Study Guide: Maximum Likelihood Estimation
Quiz: Key Concepts Review
Answer the following questions in 2-3 sentences each based on the provided course material.
- What is the fundamental goal of Machine Learning as described in the lecture?
- Define “Sample Space” and “Event” in the context of probability theory, and provide an example for each.
- What is the core principle of Maximum Likelihood Estimation (MLE)?
- Why is it often more convenient to work with the log-likelihood function instead of the likelihood function itself?
- For a Bernoulli distribution, what is the Maximum Likelihood Estimate for the parameter p (the probability of success)?
- How does a probability density function (pdf) for a continuous random variable differ from a probability mass function (pmf) for a discrete random variable?
- What do the mean and covariance matrix represent in a multivariate normal (Gaussian) distribution?
- What key assumption connects Maximum Likelihood Estimation to the least squares error function in linear regression?
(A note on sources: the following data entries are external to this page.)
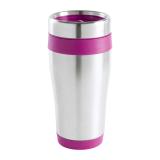 Caprol - thermo beker - 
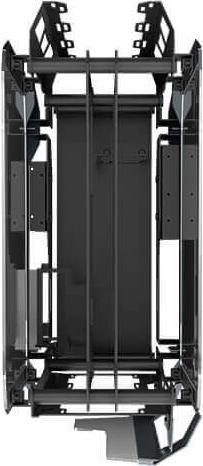 Productafbeelding Antec Cannon (ATX, mATX, Mini-ITX)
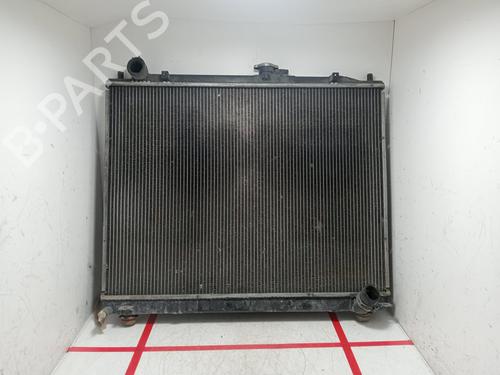 Used Water radiator Water radiator MITSUBISHI PAJERO III (V7_W, V6_W) 3.2 Di-D (V68W) (160 hp) 32211283 32211283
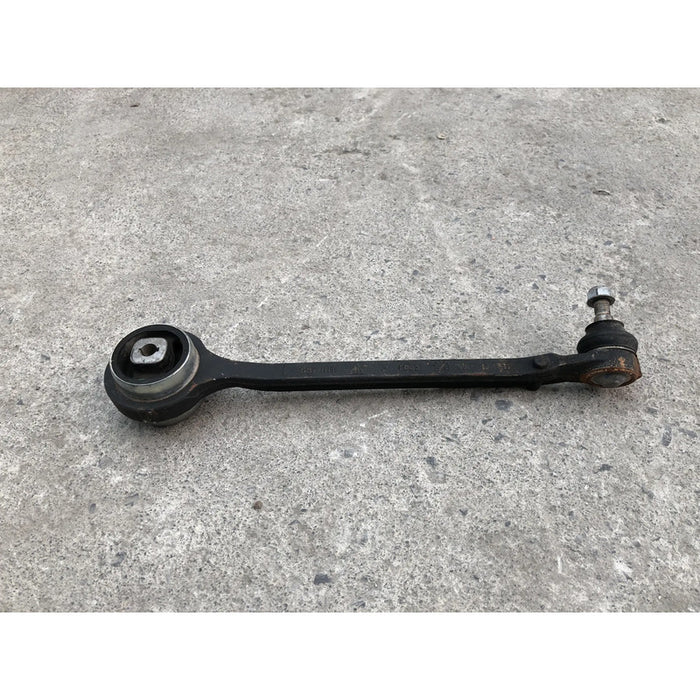 Horquilla Delantera Derecha Dodge Charger 2015 2016 2017 2018 2019 2020 2021 2022 2023, Original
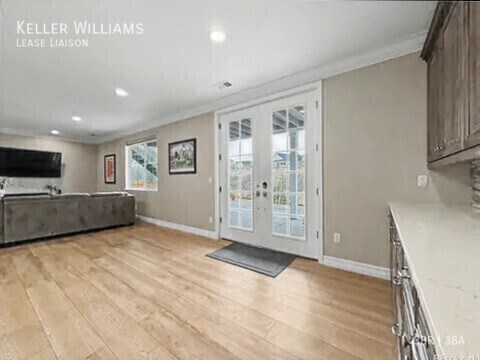 Building Photo - 939 Melting Snow Way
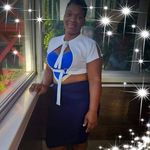 Sonia Hope - @sonia.hope.52 - Instagram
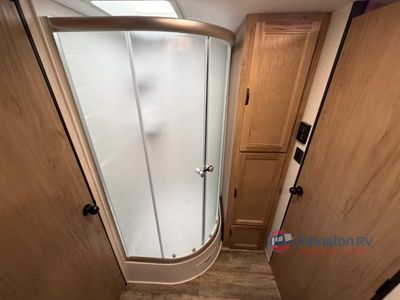 2024 Forest River RV Cherokee Grey Wolf - Photo 16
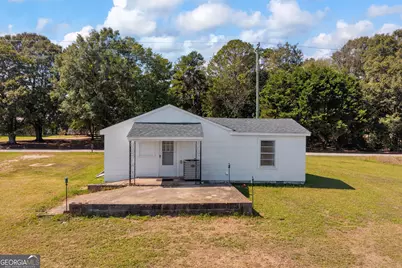 1398 Mt Hebron Road, Hartwell, GA 30643 - Photo 44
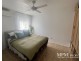 1/223 Walsh Street, Mareeba QLD 4880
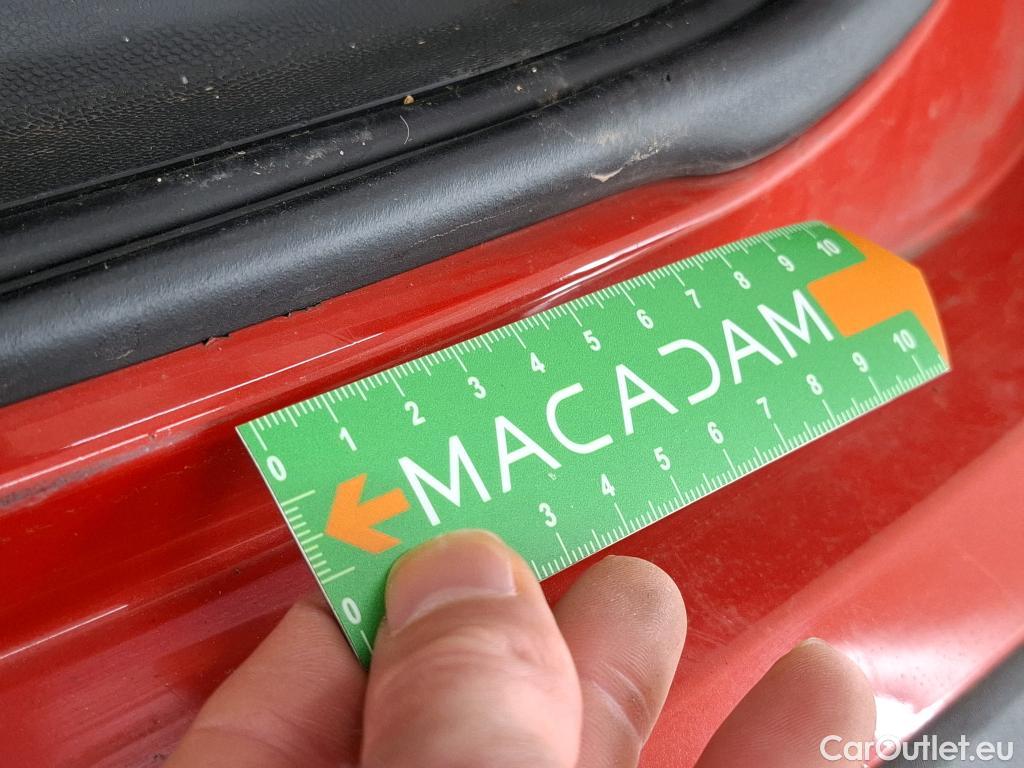  Citroen  C5  Aircross Shine Pack 1.5 BlueHDi 130CV BVA8 E6dT #41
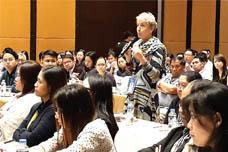 Sustainability as ultimate goal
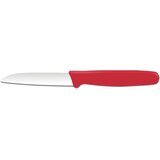  Nož za Lupljenje, 180mm | Shoptok.si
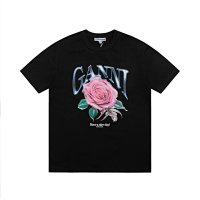 Ganni T-Shirt — seller photo 5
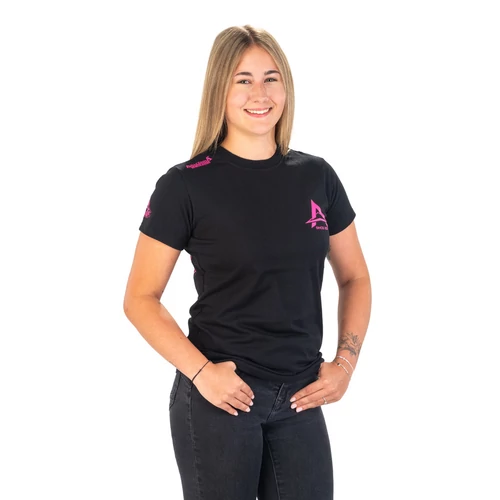 Anaconda Carp Girls Team póló / XL
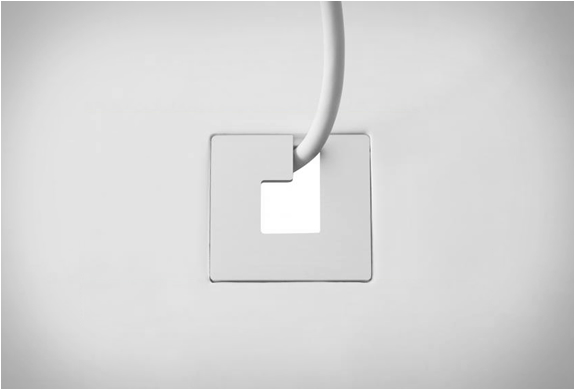 milk-desk-7.jpg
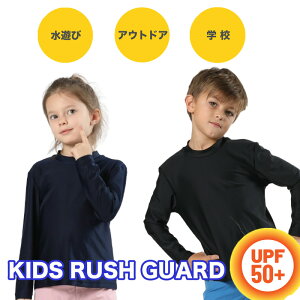 bVK[h LbY XN[ n  j̎q ̎q v[ lCr[    u[ 110cm 120cm 130cm 140cm 150cm 160cm 170cm w w Lv C XC~O Oh~ 悯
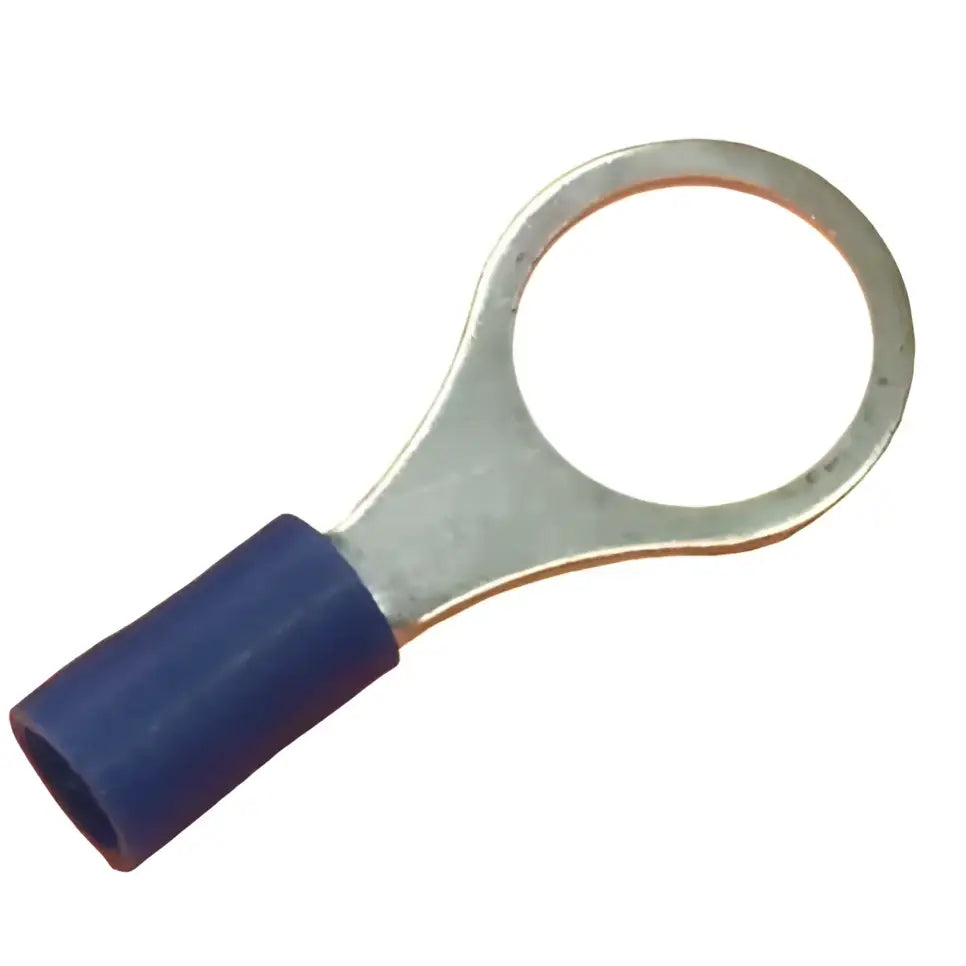 80851 Wire Terminal End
- In the probabilistic interpretation of linear regression, what distribution is the error term (ε) assumed to follow?
- Define the covariance between two random variables, X and Y.
Essay Questions
The following questions are designed for longer-form, essay-style answers to test a deeper synthesis of the material. Answers are not provided.
- 
    Explain the complete process of deriving the Maximum Likelihood Estimate for the parameter p of a Bernoulli distribution. Detail the role of the likelihood and log-likelihood functions, the use of differentiation to find the maximum, and interpret the final result. 
- 
    Describe the relationship between basic probability concepts (sample space, events, random variables) and the task of machine learning. How do these foundational ideas enable the formulation of a model and the application of an estimation technique like MLE? 
- 
    Compare and contrast discrete and continuous random variables. Discuss their respective probability functions (pmf vs. pdf), how their means (expectations) are calculated, and provide an example of each as mentioned in the lecture notes. 
- 
    Discuss the probabilistic interpretation of linear regression. Explain how assuming a Gaussian distribution for the error term allows the problem to be framed as a Maximum Likelihood Estimation task, and show why maximizing the log-likelihood is equivalent to minimizing the sum of squared errors. 
- 
    What are the key properties of a multivariate Gaussian (Normal) distribution? Describe the roles of the mean vector and the covariance matrix, and explain how they influence the shape and orientation of the probability density function, using the bivariate normal distribution as an illustrative example. 
Answer Key
Quiz Answers
- 
    The goal of Machine Learning is to optimize a performance criterion using example data or past experience. The primary aim is to develop models that can generalize their performance to new, unseen data. 
- 
    A Sample Space (O) is the set of all possible outcomes of an experiment, such as {HH, HT, TH, TT} for tossing a coin twice. An Event is a subset of the sample space, such as the event of the first toss being a head, which would be the set {HH, HT}. 
- 
    The principle of Maximum Likelihood Estimation is to select the set of model parameters (θ) that are most likely to have produced the observed data. This is achieved by assuming a particular model and finding the parameter values that maximize the joint probability (the likelihood) of the observed sample set. 
- 
    Working with the log-likelihood function is convenient because it converts the joint probability, which is a product of individual probabilities, into a sum. This transformation from Π P(Zi θ) to Σ log(P(Zi θ)) simplifies the mathematical process of finding the maximum, particularly when taking derivatives. 
- 
    The MLE for the parameter p in a Bernoulli distribution is the sample proportion of positive outcomes. It is calculated as p̂ = x/n, where x is the number of successes (e.g., heads) observed in n trials. 
- 
    A probability mass function (pmf) gives the probability that a discrete random variable is equal to a specific value, P(X = xi). A probability density function (pdf) describes the probability density for a continuous variable, and the actual probability is obtained by taking the integral of the pdf over a given range. 
- 
    In a multivariate normal distribution, the mean vector (μ) is the point where the PDF reaches its peak value. The covariance matrix (Σ) captures the linear dependencies among the variables and determines the shape and orientation of the elliptical contours of equal probability density. 
- 
    The key assumption is that the error term, or residual, in the linear regression model is independent and identically distributed (IID) according to a Gaussian (Normal) distribution with a mean of zero. This assumption makes maximizing the data likelihood equivalent to minimizing the residual sum of squares. 
- 
    In the probabilistic view of linear regression, the error term ε is assumed to follow a Gaussian distribution with a mean of 0 and some variance σ², denoted as N(0, σ). 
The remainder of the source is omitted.